Biophysical Journal, Volume 48, Issue 5, 695-700, 1 November 1985
doi:10.1016/S0006-3495(85)83827-3
Research Article
R.H. Mead and W.T. Clusin
Although lanthanum ions (La+++) block calcium influx in cardiac cells, they may paradoxically accentuate the sodium-free contracture. We have therefore studied the effects of La+++ on the zero sodium response in chick embryonic myocardial cell aggregates. Zero sodium alone causes: (a) A maintained contracture; (b) Asynchronous localized contractions that are selectively inhibited by caffeine or ryanodine, and presumably reflect release of calcium from the sarcoplasmic reticulum; (c) A nonspecific conductance increase that is ascribable to calcium-activated ion channels.
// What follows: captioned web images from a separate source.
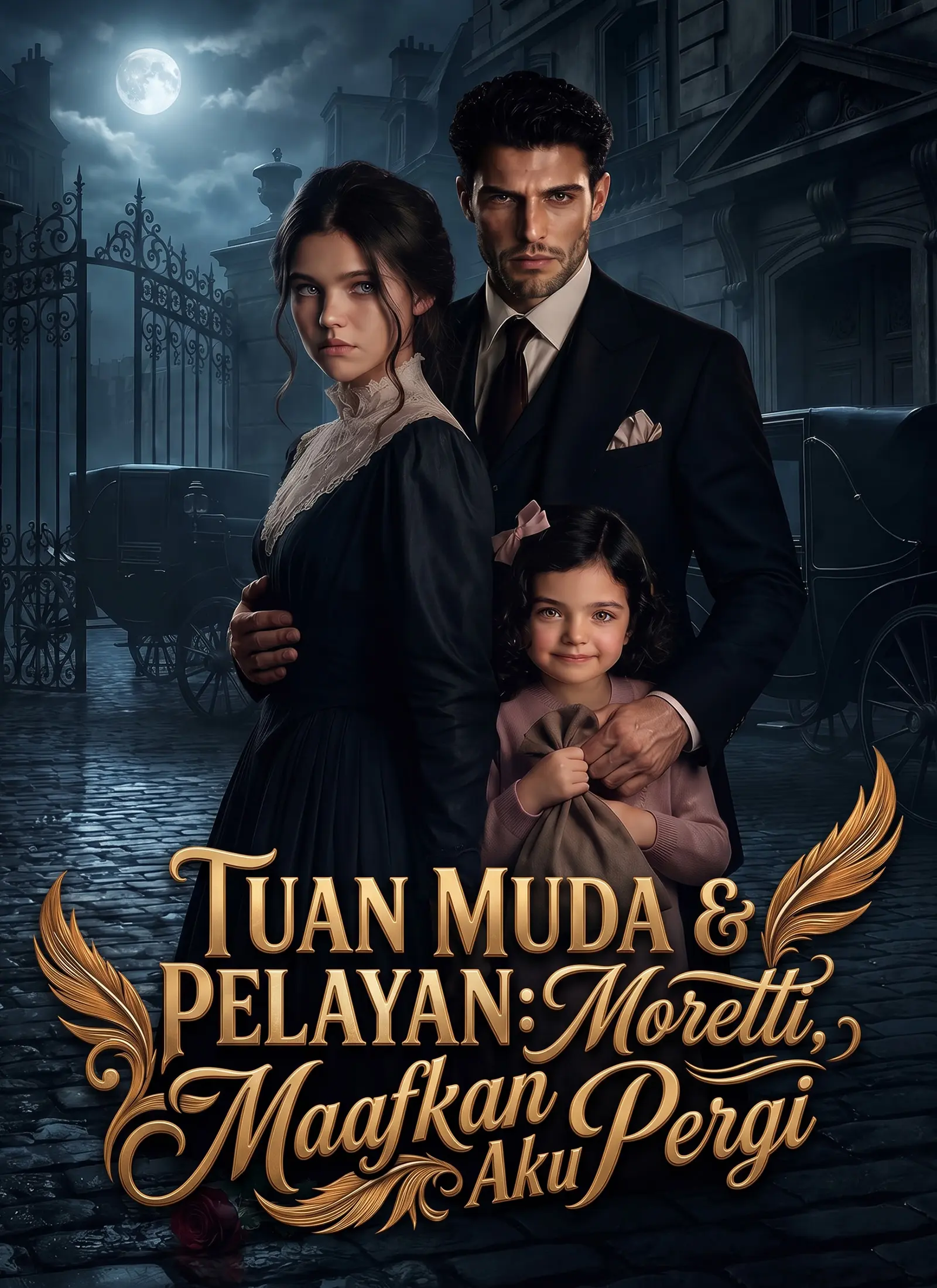 [Dubbing] Tuan Muda & Pelayan: Moretti, Maafkan Aku Pergi short drama poster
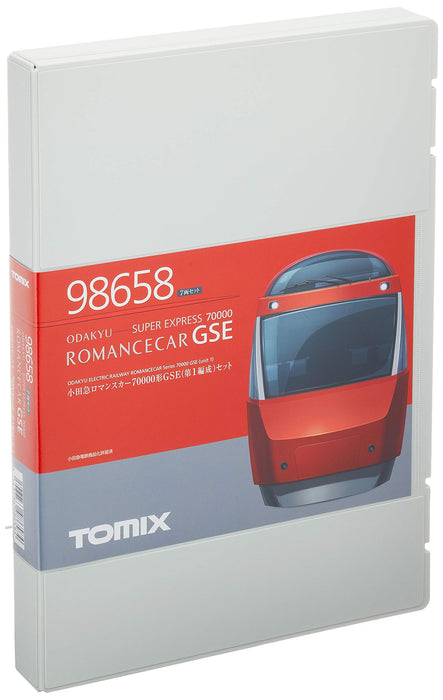 Tomytec Tomix N Gauge 70000 GSE Odakyu Romance 7-Car Model Train Set- Japan Figure Store - #1 Bring To You The Best Japanese Goods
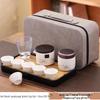 JANLA Yinshan Tang Portable Chinese Gongfu Travel Tea Set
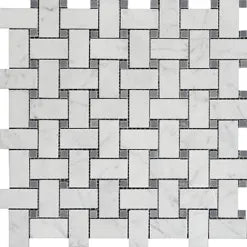 Bianco Carrara ®   Series  Mosaics (Group 1 of 2)(S&Y)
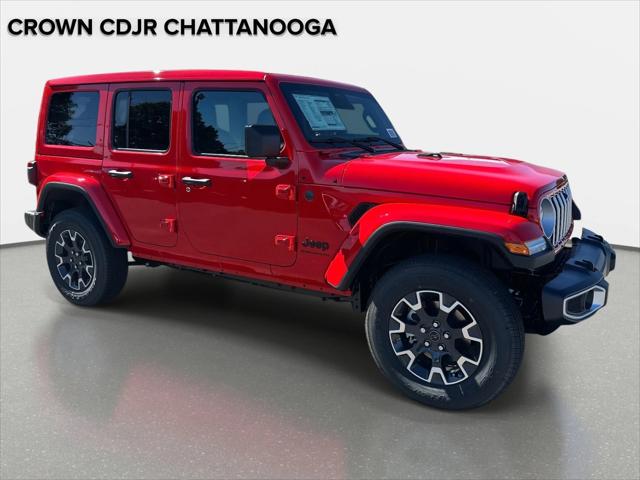 2026 Jeep Wrangler WRANGLER 4-DOOR SAHARA 2026 Jeep Wrangler WRANGLER 4-DOOR SAHARA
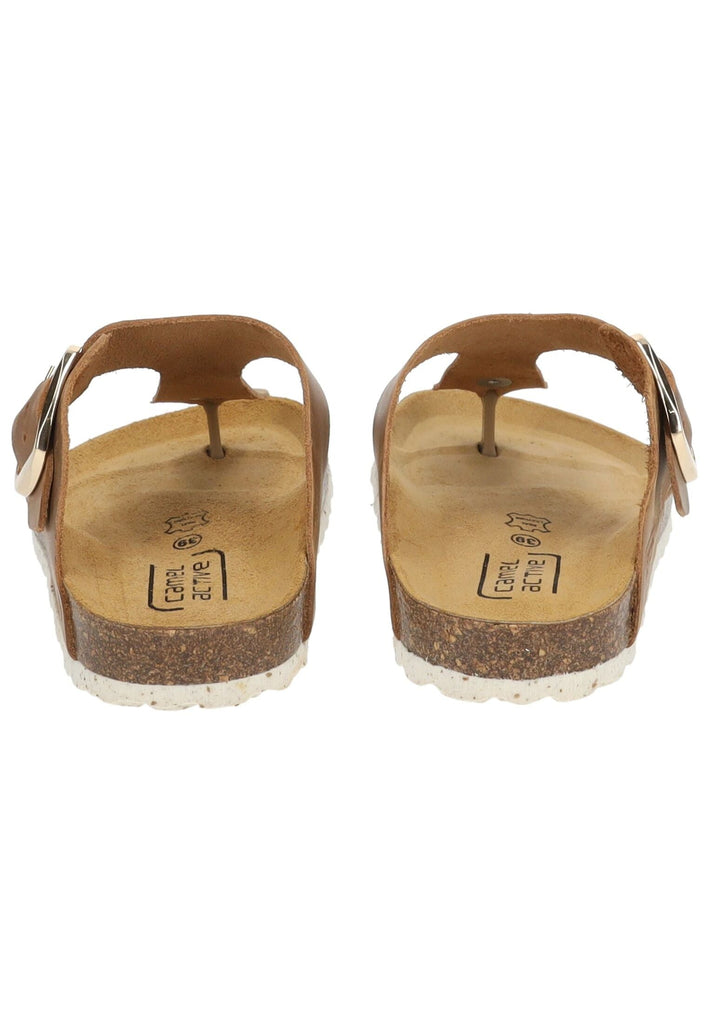 camel active Zehensteg Leder Natur
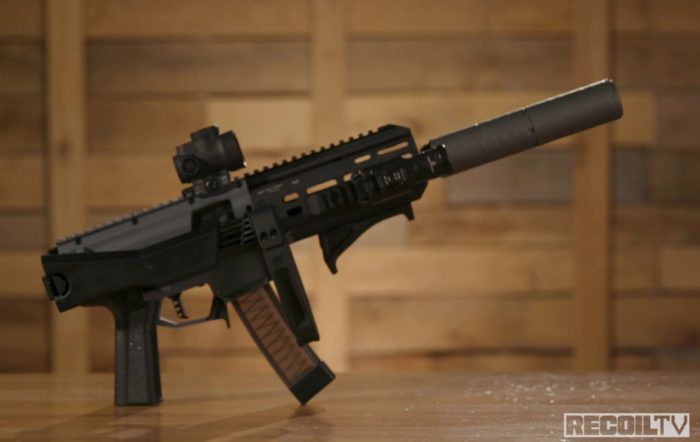 RECOILtv Full Auto Friday: CZ Scorpion EVO 3 S1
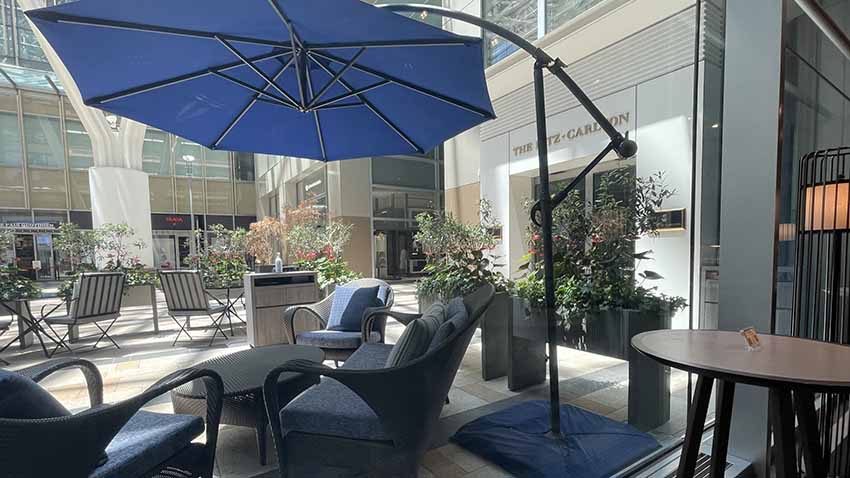 リッツカールトン東京宿泊記|カフェ&デリ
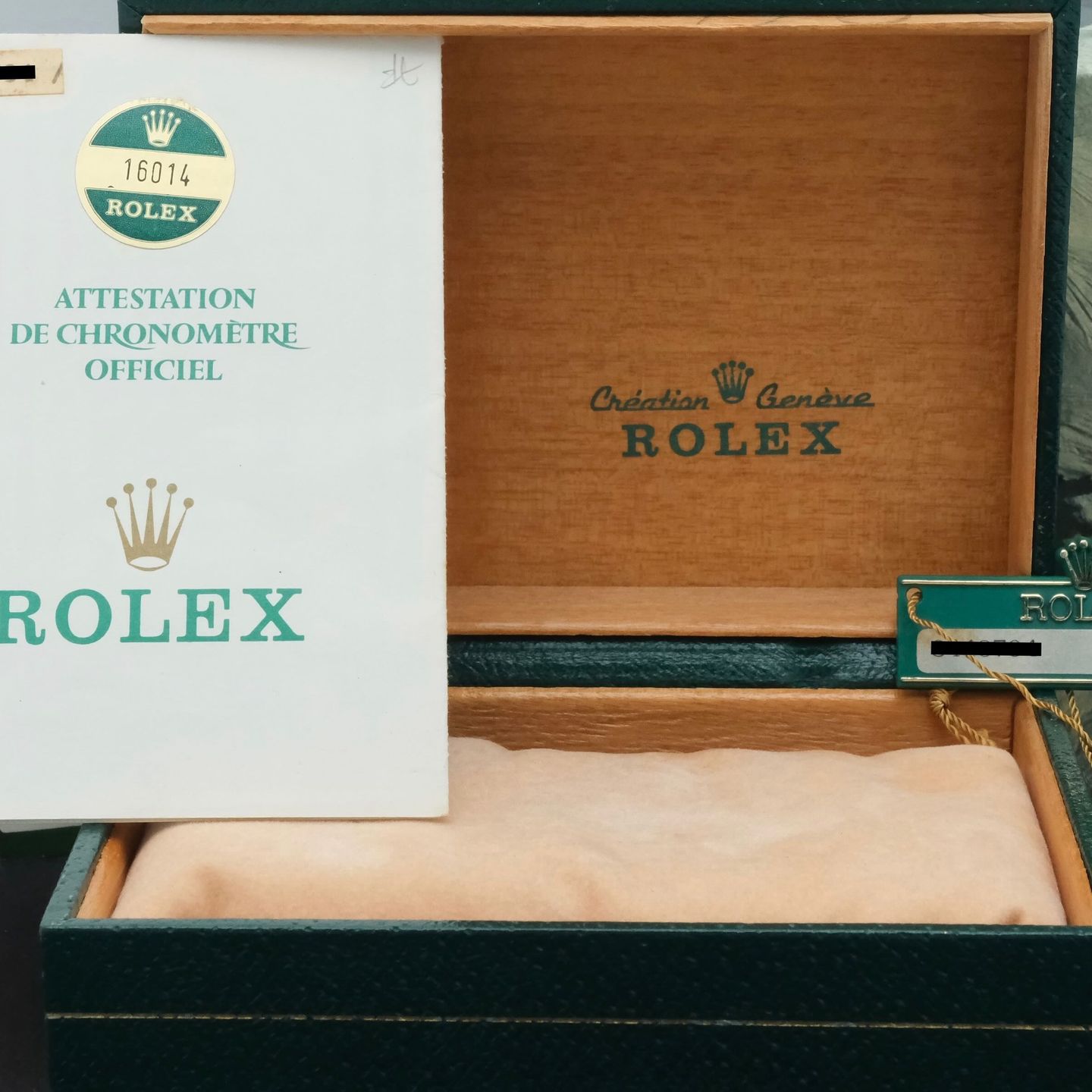 Rolex Datejust 36 16014 (1985) - Silver dial 36 mm Steel case (8/8)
Addition of La+++ potentiates the sodium-free contracture, and causes similar potentiation of the localized contractions and the conductance increase. All three phenomena occur 5–10-fold faster in 1 mM La+++ than in sodium-free fluid alone. In contrast, when La+++ is combined with caffeine or ryanodine, the zero sodium response is suppressed. We conclude that the paradoxical effect of La+++ on the contracture is not due to calcium influx, but to enhancement, or disinhibition of intracellular calcium release. Relaxation of normal myocardium may involve control of spontaneous calcium release by lanthanum- and sodium-sensitive calcium transport across the surface membrane.